六姨太這才注意殷鶴成進來了,回過頭來打了下招呼,殷司令正好嗆了口水,她用帕子將殷司令嘴上的水擦乾淨。
六姨太和護士一起扶殷司令躺好了,才對殷鶴成道:“雁亭,你回來了,坐!你爹昨天剛才還說起你呢。”
六姨太看起來十分憔悴,殷鶴成點了下頭:“六姨娘辛苦了,時刻守著,有些事可以讓傭人和護士幫忙,不要事事親力親為的。”
殷鶴成因為有話和殷司令講,其他人便都出去了。他們父子兩人以前話一直不多,從前談論得多的也是打仗的事。
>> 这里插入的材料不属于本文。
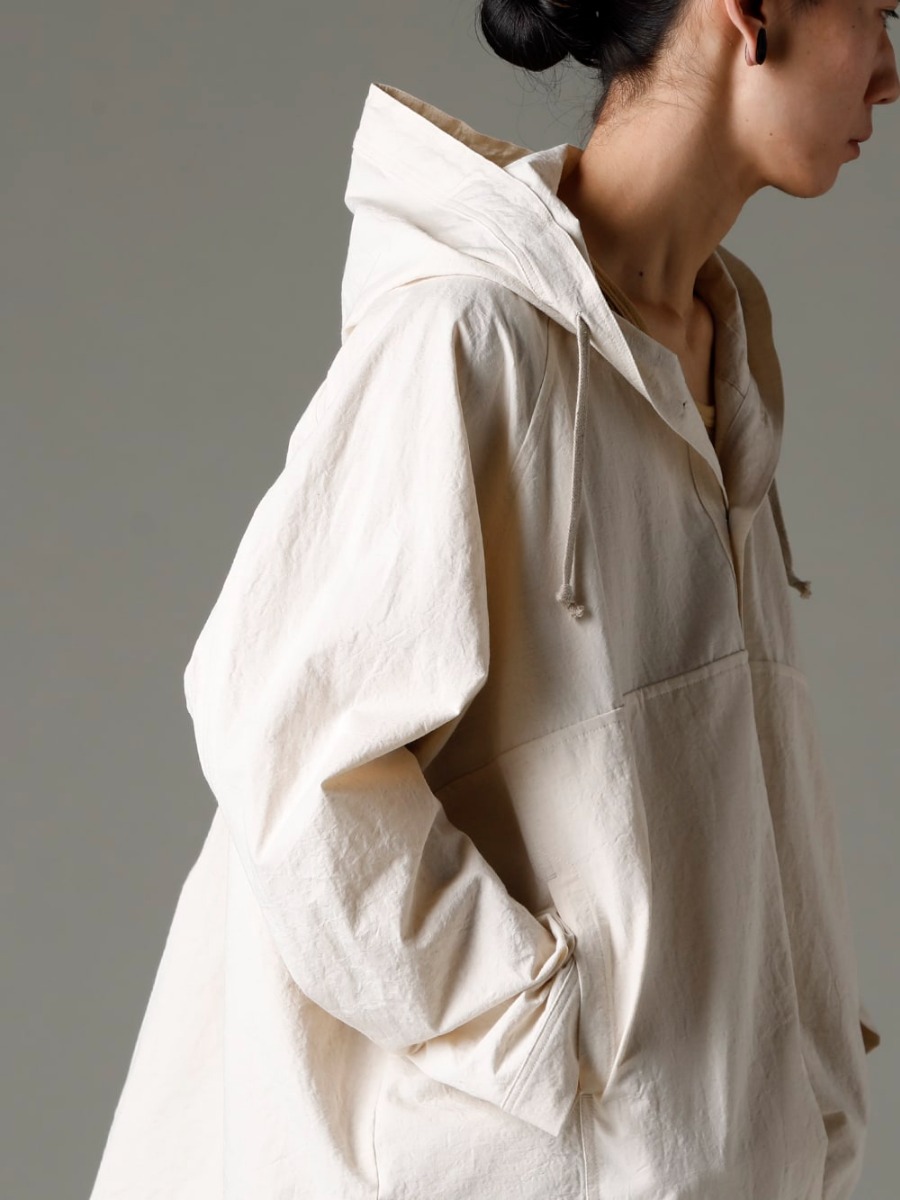 O project(オー プロジェクト) 23SS(春夏) 夏に活躍するリネンパーカーとメッシュTシャツレイヤード  - O15JKT2-KINARI フーディー プルオーバー ジャケット キナリ ファイン キャンバス O15TT1-YELLOW-BEIGE スリーブレス ティー コットン ヘンプ ジャージー 2-005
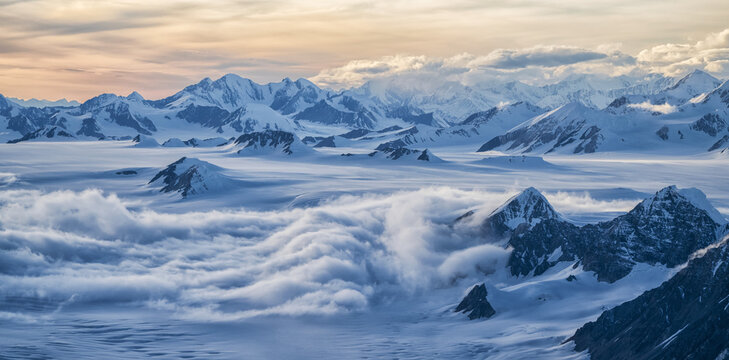 Aerial image of the Saint Elias mountains in Kluane National Park and Reserve; Haines Junction, Yukon, Canada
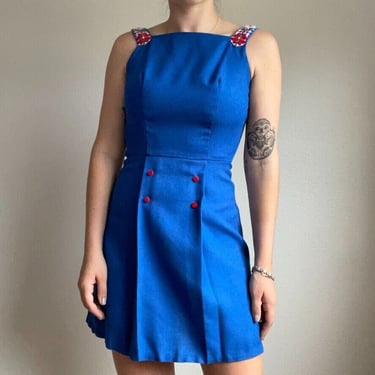 Vintage Womens 1960s Retro Lang Blue Cotton 2 Piece Mini Dress Jacket Set Sz XS 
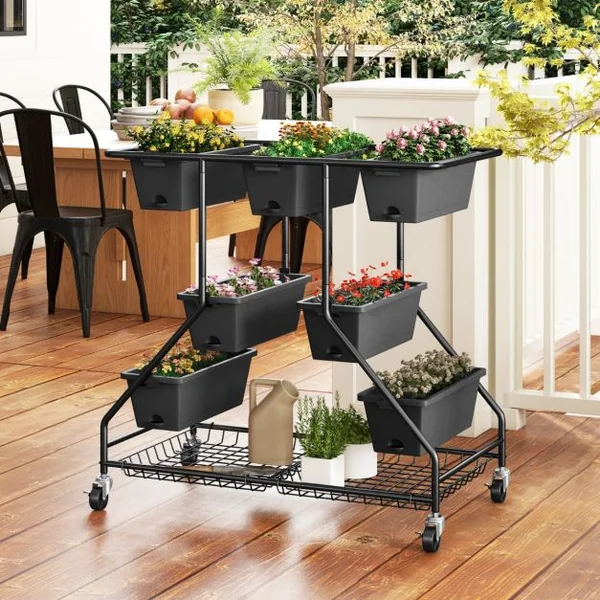 Jardinière Surélevée Vertical avec 7 Bacs de Plantation Trous de Drainage Paniers de Rangement 4 Roulettes Verrouillables 100x56x99cm Noir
如今殷司令不怎麼能說話,殷鶴成反而喜歡和殷司令說一些事情。不過殷敬林的事殷鶴成沒敢提起,他只跟殷司令說了鴻西口的勝仗,還有他要去林北的事情。
殷司令雖說恢復了些,但殷鶴成卻覺得和前幾天他來時相比,反而沒那麼能說出話了。
上一次殷司令還在問他舒窈的事情,當時殷鶴成沒說什麼,只將話繞開了。殷司令因為昏迷了一段時間,所以他和顧書堯解除婚約的事情一直不知道,帥府也沒有人敢告訴。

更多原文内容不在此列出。